All entries below are to be returned exactly, with pictures left out.

----- DATA LISTING

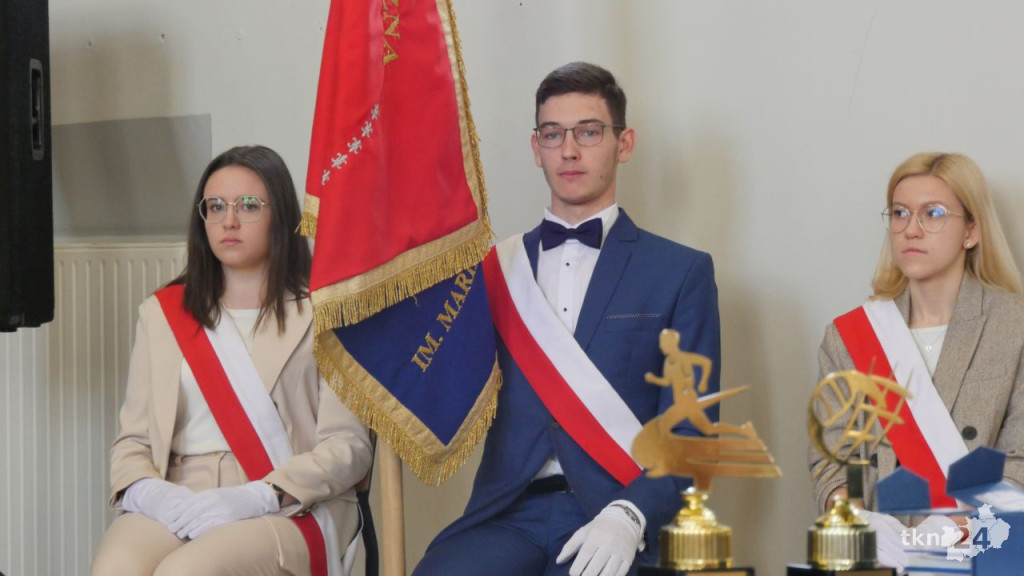 Maturzyści mają już wakacje. Szkoły ich uroczyście pożegnały [fotorelacja]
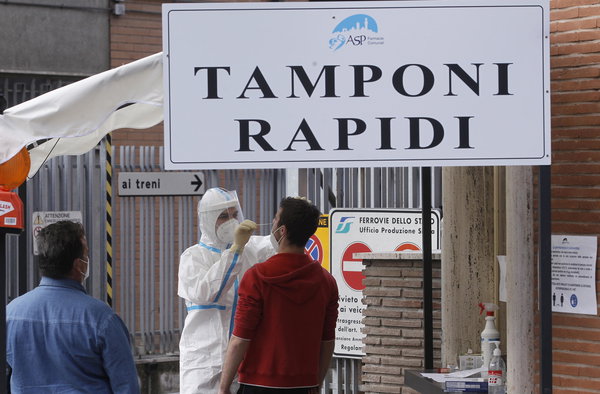 Facevano phishing contro le farmacie per generare green pass: 82 indagati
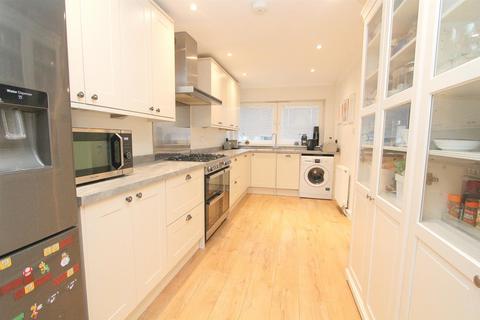 50 Park Hill, Carshalton, SM5 3RU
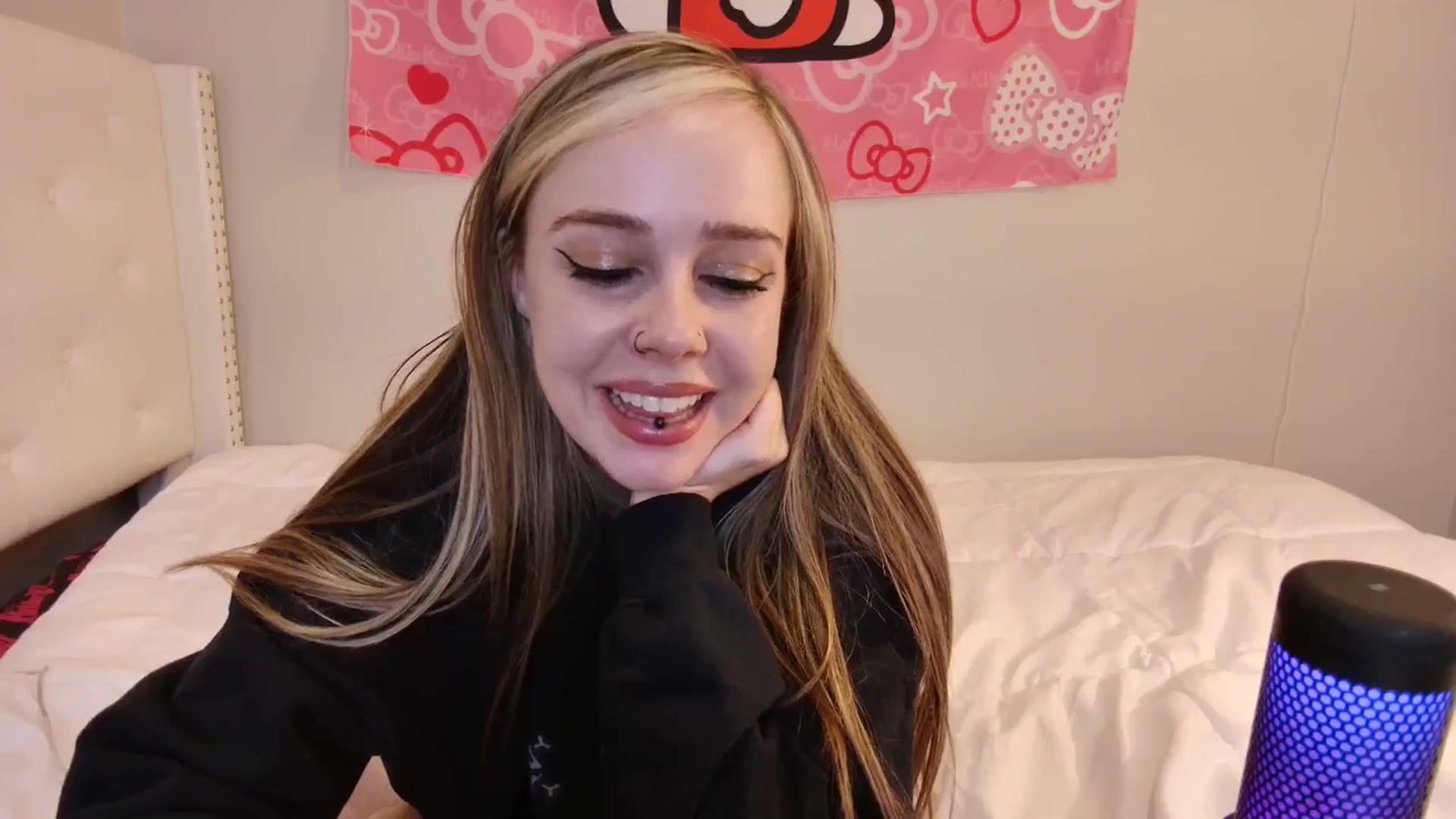 Gallery image thumbnail from lunalovelyy's myfreecams stream on, 10/06/2024, 10:39 image 18 of 20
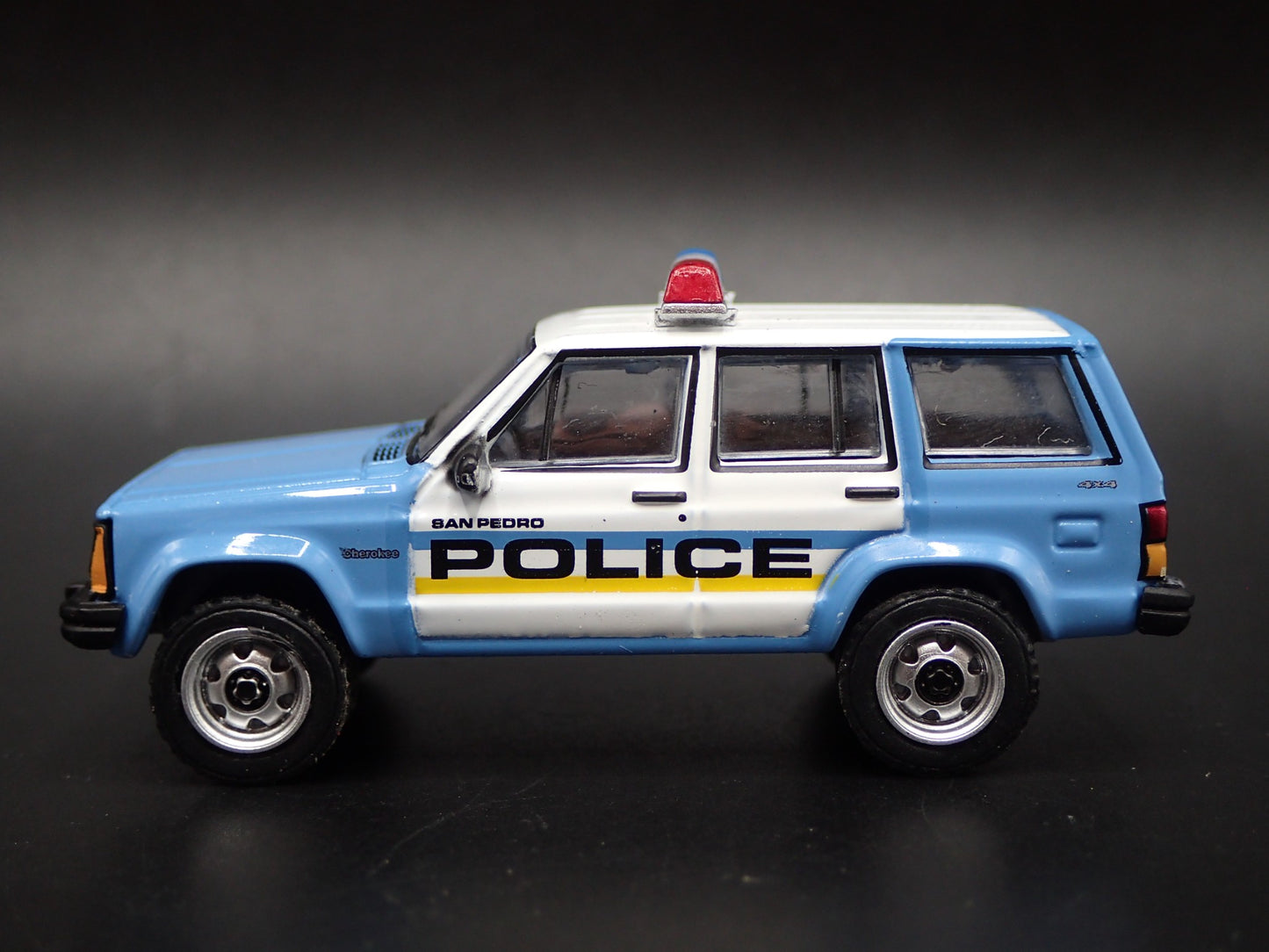 JEEP CHEROKEE XJ SPORT 4 DOOR SAN PEDRO CA POLICE 1:64 SCALE DIECAST MODEL CAR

----------

▶ [ANSWER TO THIS PROBLEM]
 Maturzyści mają już wakacje. Szkoły ich uroczyście pożegnały [fotorelacja]
 Facevano phishing contro le farmacie per generare green pass: 82 indagati
 50 Park Hill, Carshalton, SM5 3RU
 Gallery image thumbnail from lunalovelyy's myfreecams stream on, 10/06/2024, 10:39 image 18 of 20
 JEEP CHEROKEE XJ SPORT 4 DOOR SAN PEDRO CA POLICE 1:64 SCALE DIECAST MODEL CAR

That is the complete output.